Al leer el volumen, pensé que Wallace había entrado en un callejón sin salida, que quizás incluso se estuviera aburriendo, justo lo que según la cultura que él mismo había analizado, no podía llegar a suceder jamás, al menos si pretendías seguir más o menos en órbita. Porque criticaba el reinado del entretenimiento, sí, pero reconociendo su incontestable imperio. Por otra parte, el relato del bebé hablaba de una oscuridad demasiado pavorosa que yo tampoco deseaba explorar y resolví que si Wallace seguía tan reiterativo y negro, quizás -con él, cualquier conato de ruptura tras unos textos decepcionantes siempre debía venir precedido de un “quizás”- no le volviera a leer. Pese al espléndido y terrible relato.
D.T. Max, eso sí, refleja muy bien a un Wallace condenado a la ansiedad, cuya óptima lucidez le hizo poner en la balanza hasta qué punto compensaba continuar tolerando esa descomunal insatisfacción que le había hecho plantearse varias veces el suicidio. Su tormento es visible en la biografía. Max insiste en la cotidianeidad opresiva que Wallace enfrentaba, en cómo distintas personas intentaron aliviarle, su propia recurrencia al humor para contrarrestar de alguna forma las oleadas de angustia que desvirtúan la vida alrededor, despojándola de sentido. La capitulación final.
Wallace llevó a un extremo tan literal algunas ideas románticas que muchos de nosotros cultivamos, y lo hizo con una libertad creativa tan envidiable, que resulta muy difícil no proyectarse tarde o temprano en sus escritos, sobre todo si has nacido en el último tercio del siglo XX. Esto quizá tenga que ver con el ritmo asociativo que impone su lectura, ese otro tempo al que hemos accedido.

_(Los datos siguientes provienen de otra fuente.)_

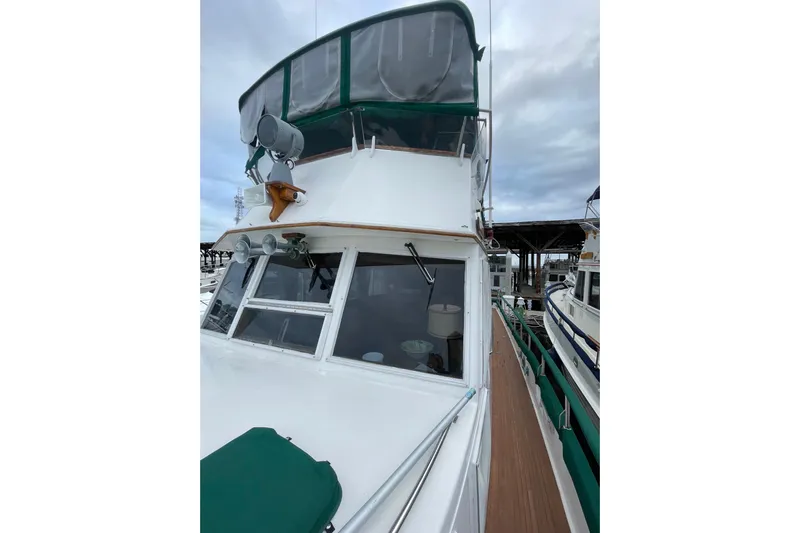 Amazing Grace Yacht Photos Pics 1983 Grand Banks 49 Classic yacht docked, featuring green canopy and wooden deck.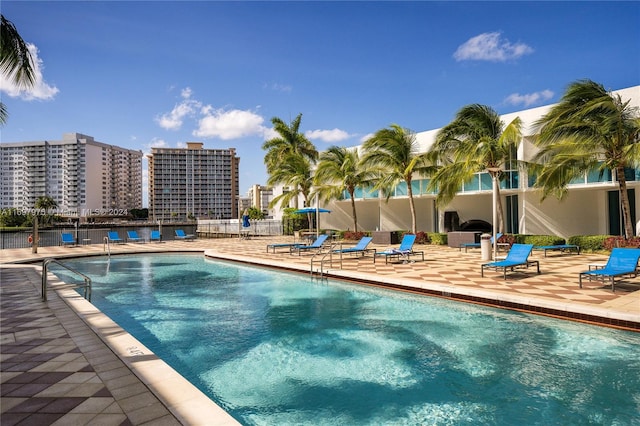 view of swimming pool featuring a patio area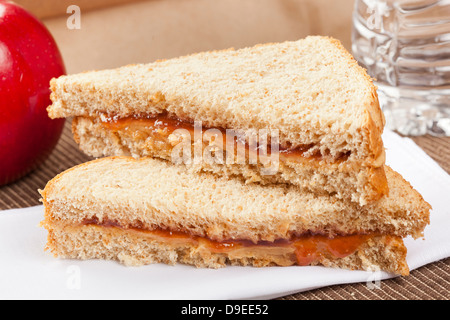 Erdnussbutter und Gelee Lunchpaket mit Wasser und Apfel Stockfoto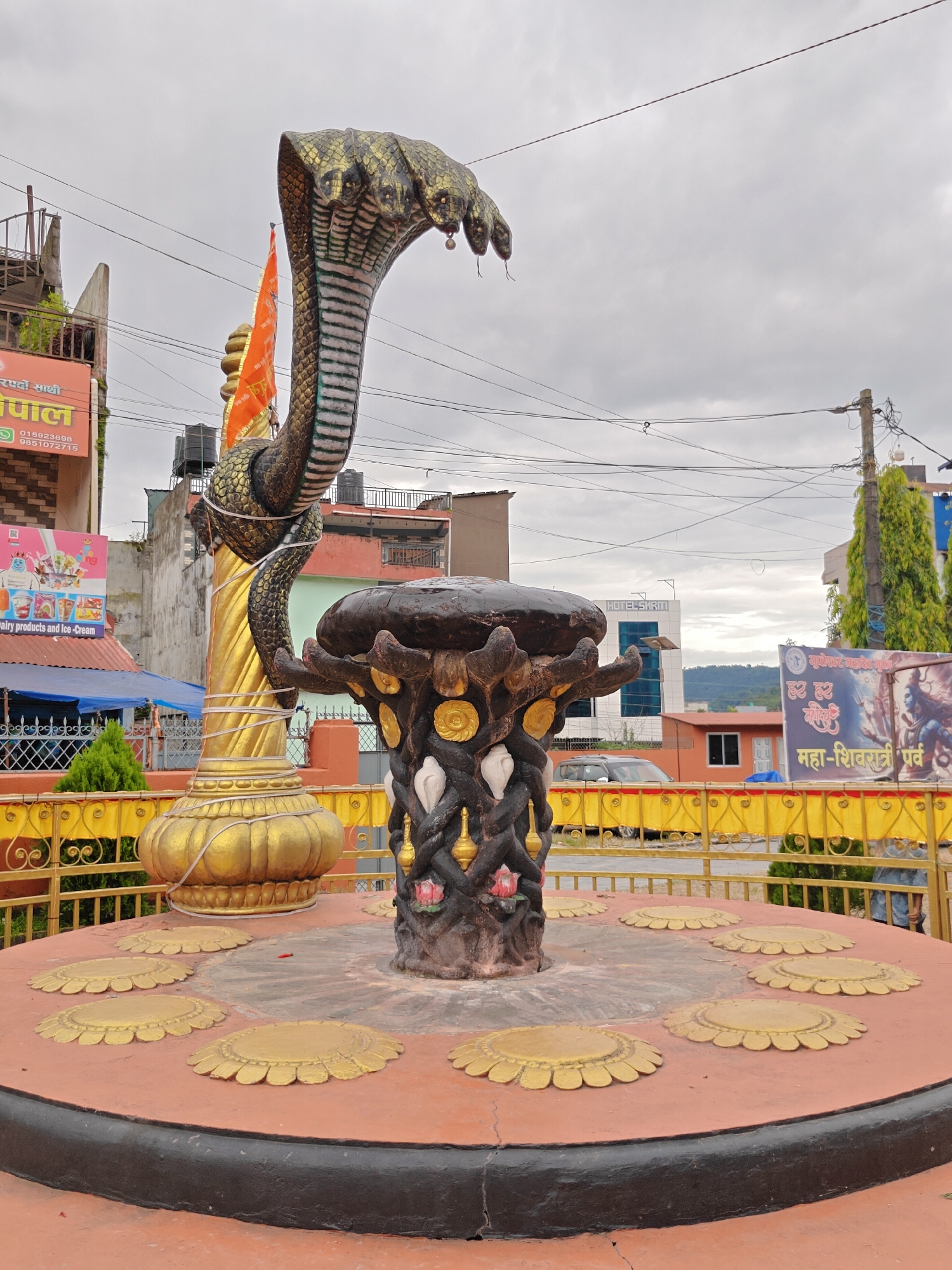 The image shows a statue of a multi-headed cobra in Pokhara, Nepal, likely a religious or decorative monument. The cobra statue is a prominent feature in the foreground, with its scales detailed and its hoods spread. It is positioned atop a dark, textured base decorated with white shell-like objects and possibly lotus flowers. A golden pillar, partially obscured by the cobra's body, supports another element of the statue or a surrounding structure. An orange flag with writing is visible behind the cobra. The statue is situated on a circular platform with a reddish-orange surface and decorative golden floral motifs. A yellow metal railing encloses the platform. In the background, buildings, trees, utility poles with wires, and a cloudy sky are visible, indicating an urban or semi-urban environment. A banner with religious imagery and text in what appears to be Nepali or Hindi is also present in the background. The overall scene suggests a public space in Pokhara, possibly a temple complex or a roadside attraction.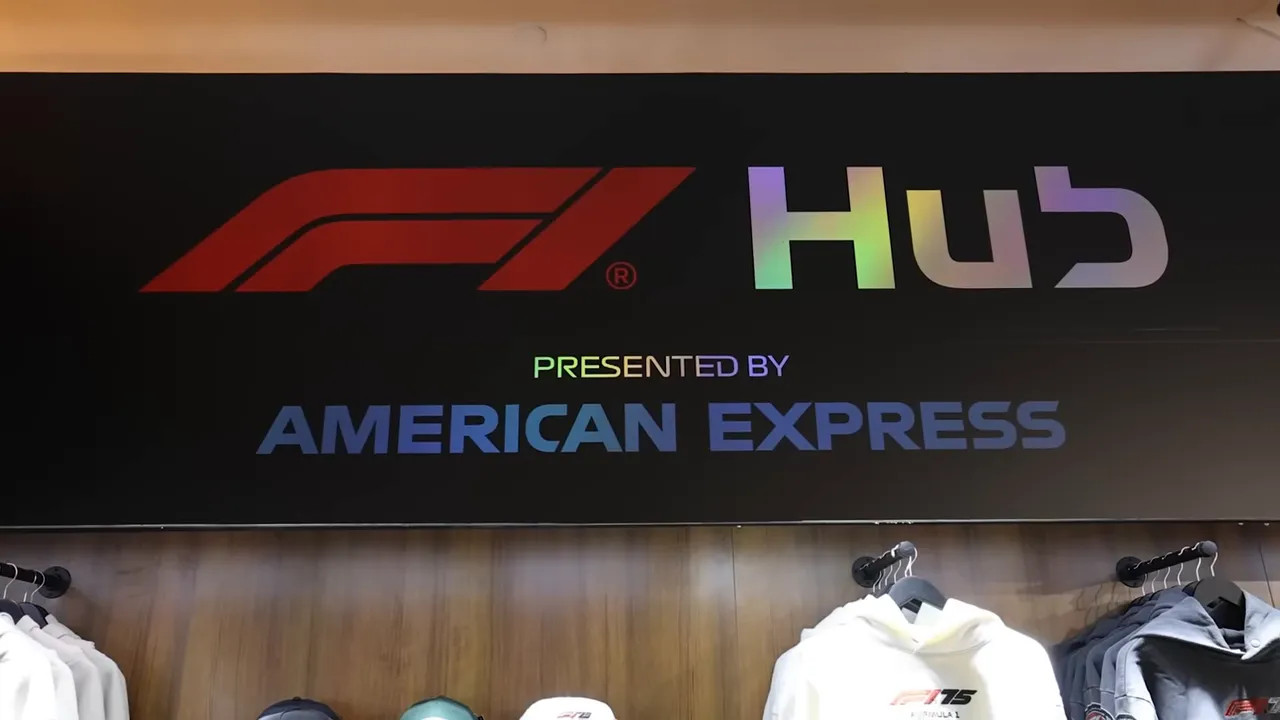 F1 Hub 'Presented by American Express' sign above a merchandise display at the F1 Hub inside the Venetian.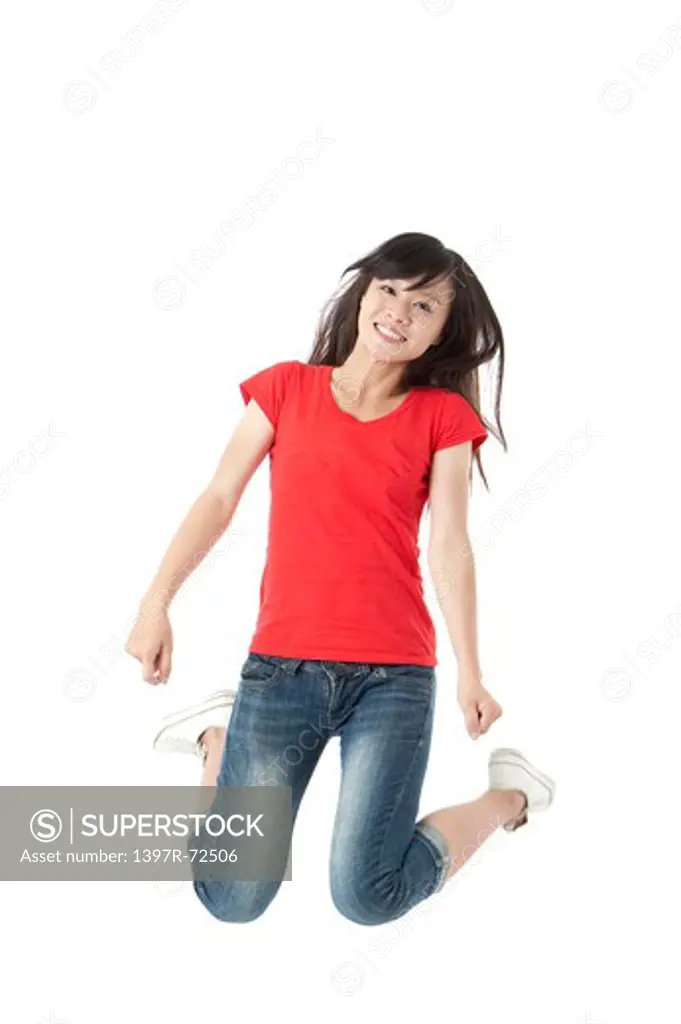 Young woman jumping in mid-air with smile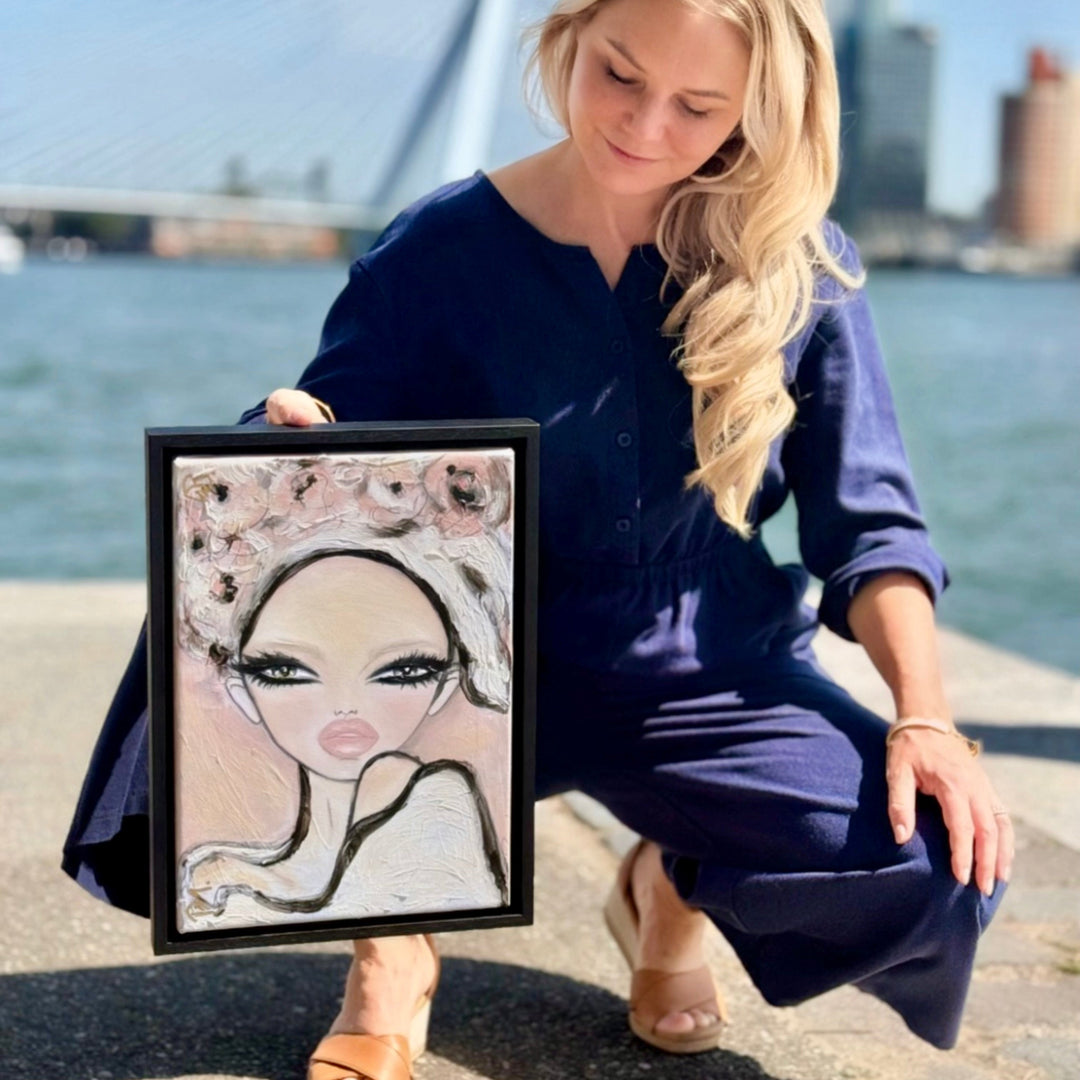 A woman in a navy blue jumpsuit crouches outdoors by the water holding up a framed portrait painting of a stylized woman with a floral headpiece.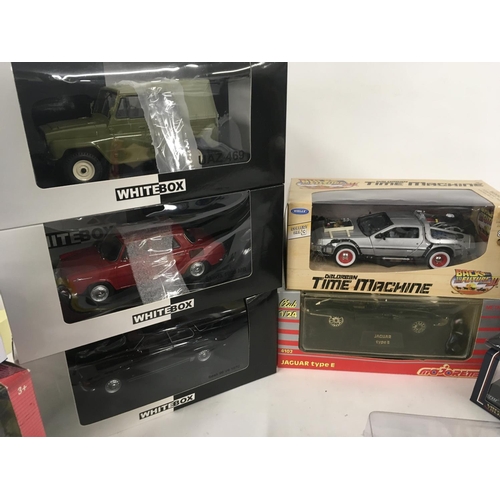 883 - A collection of 16 model vehicles by different manufacturers all in original packaging.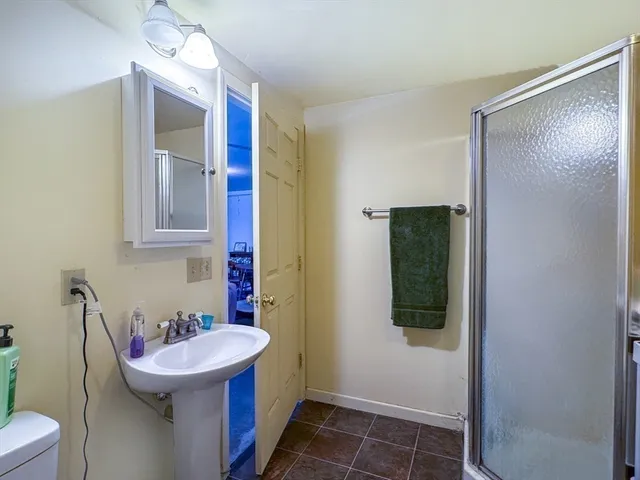 a bathroom with a sink and mirror with toilet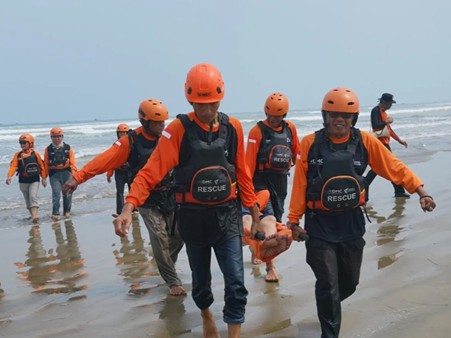 Group of rescue workers in orange uniforms and helmets walk along a sandy beach, some carrying a child between them in shallow surf.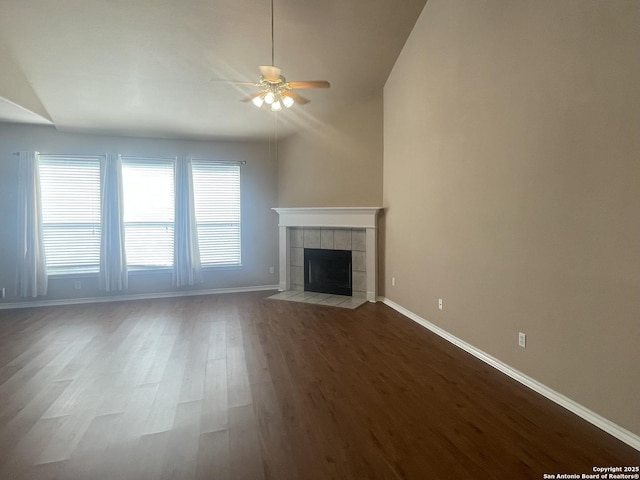 unfurnished living room with ceiling fan, light wood-type flooring, a tile fireplace, and baseboards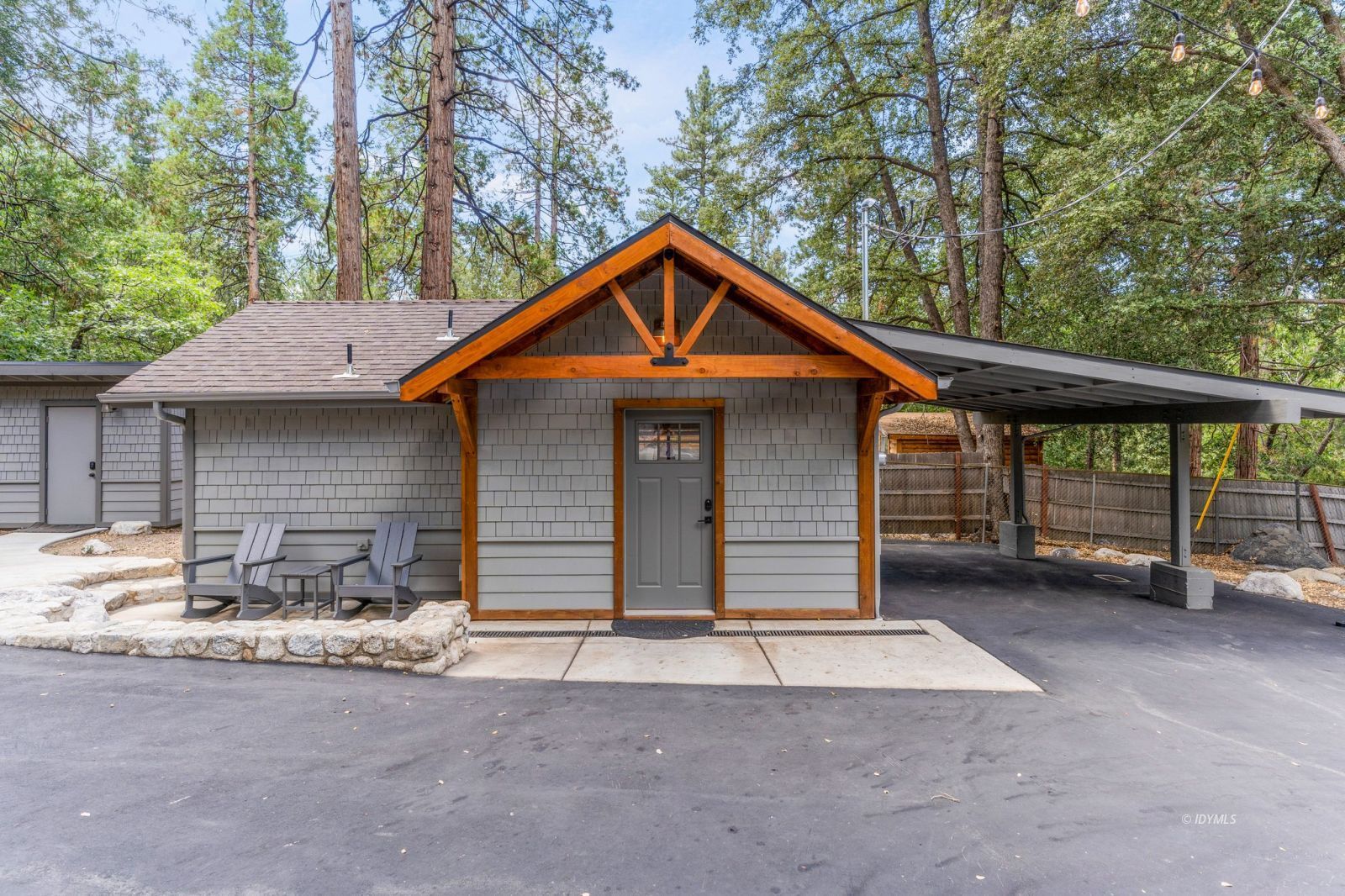 25010 Tahquitz Road Idyllwild, CA 92549 - Photo 53 of 93 a front view of a house with a yard and garage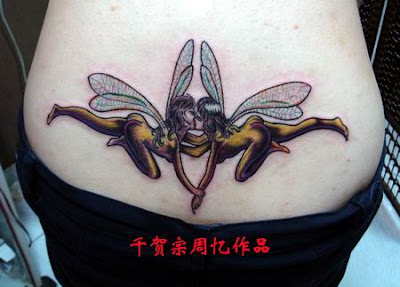 A lower back tattoo showing two fairies kissing.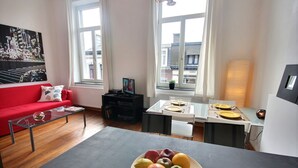 A modern living room with a red sofa, a glass coffee table, a dining area with a table set for two, and a large window with a city view. - Jardin Botanique - 1 bedroom (Liège)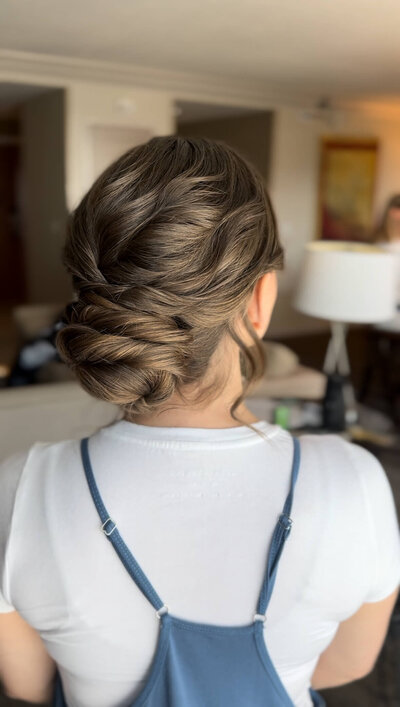 Bride with a classic low bun — timeless, elegant wedding hairstyle created by Klover Beauty for a Maryland bride.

No es un autor “redondo”, ni mucho menos, sus textos no suelen ser cerrados ni perfectos, pero da algo inusual y necesario para el alma.
Como pertinaz lector de Wallace, agradezco a D.T. Max la oportunidad de haberme llevado un poco mas lejos en la íntima relación con un autor que entendió la literatura fiel a la vieja hermosa valentía, pese al dolor. También agradezco que me haya ayudado a comprender su suicidio, de manera que la muerte que un día me apenó, hoy me consuela.